# Pruning Strategies Comparison with Modular Experiment Framework (v0.1.0)

This notebook demonstrates how to run experiments comparing different pruning strategies using the modular experiment framework. It's designed for use in Colab, but works in any environment.

## Overview

In this notebook we'll:
1. Set up the environment and clone the repository
2. Compare different pruning strategies (random, magnitude, entropy) with the same model
3. Visualize and analyze the results
4. Compare recovery rates across strategies

The notebook uses the `PruningExperiment` and `PruningFineTuningExperiment` classes from the modular experiment framework.

## Setup

First, we'll install the required dependencies and clone the repository:

In [None]:
# Install required packages
!pip install -q jax jaxlib flax transformers matplotlib numpy pandas seaborn tqdm optax
!pip install -q 'datasets>=2.0.0' scikit-learn hmmlearn

In [ ]:
# Clone the repository - using the refactor/modular-experiment branch
!git clone -b refactor/modular-experiment https://github.com/CambrianTech/sentinel-ai.git
# Don't cd into it yet

In [None]:
# Import huggingface datasets directly before changing directory
# This ensures we're using the system package
from datasets import load_dataset
import datasets
print(f"Using datasets from: {datasets.__file__}")
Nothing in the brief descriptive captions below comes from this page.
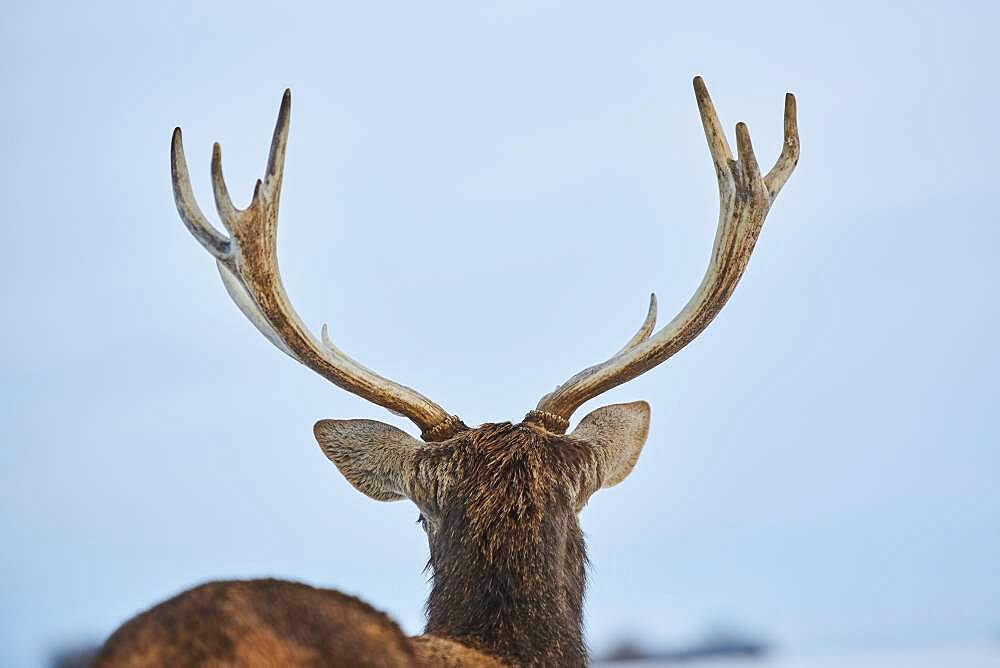 Portrait of a red deer (Cervus elaphus), Bavaria, Germany, Europe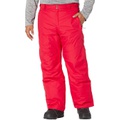 Columbia Big & Tall Bugaboo IV Pants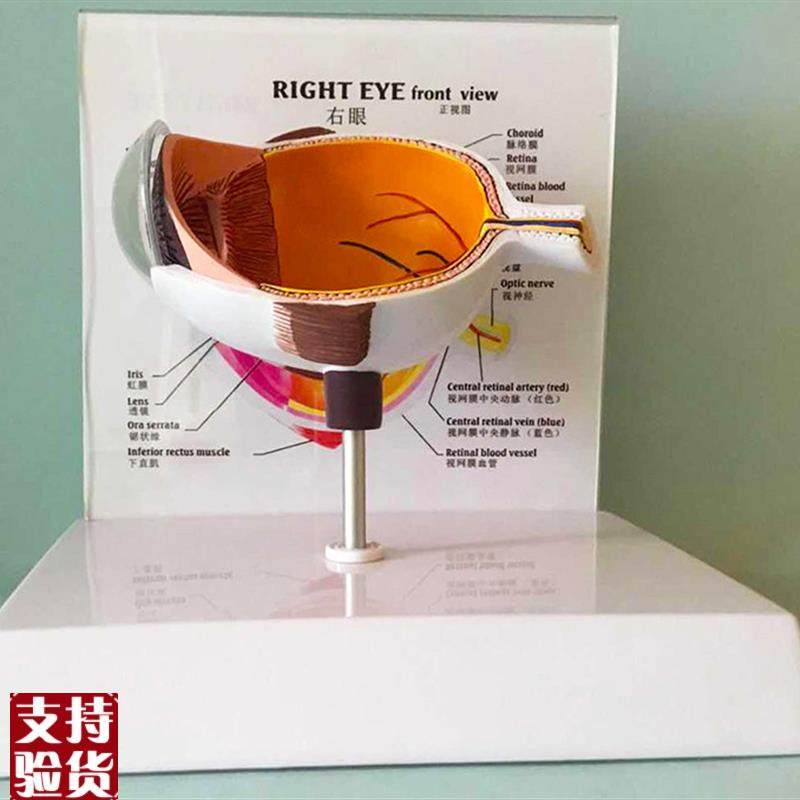眼睛模型晶片虹膜器官解剖人体教学教仪医用医学X教学教具包邮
# Now safely change to the repository directory
%cd sentinel-ai

# Import standard libraries
import os
import sys
import json
import time
import random
import numpy as np
import pandas as pd
import matplotlib.pyplot as plt
import seaborn as sns
from datetime import datetime
from pathlib import Path
from tqdm.auto import tqdm
import warnings
warnings.filterwarnings('ignore')

# Import JAX/Flax
import jax
import jax.numpy as jnp
import optax

# Import Hugging Face libraries
from transformers import AutoTokenizer, FlaxAutoModelForCausalLM

# Add the current directory to path and import our modules
sys.path.append(".")
from utils.pruning import (
    Environment,
    PruningModule, 
    get_strategy,
    PruningExperiment
)

# Set up plotting
plt.style.use('ggplot')
sns.set_theme(style="whitegrid")

## Environment Detection

Next, we'll detect our environment capabilities to optimize experiments for the available hardware:

In [None]:
# Initialize environment and detect capabilities
env = Environment()
env.print_info()

# Check JAX capabilities
print(f"\nJAX version: {jax.__version__}")
print(f"Devices: {jax.devices()}")
print(f"Default backend: {jax.default_backend()}")

# Get suitable models based on hardware
suitable_models = env.get_suitable_models()
print(f"\nSuitable models for this environment: {', '.join(suitable_models)}")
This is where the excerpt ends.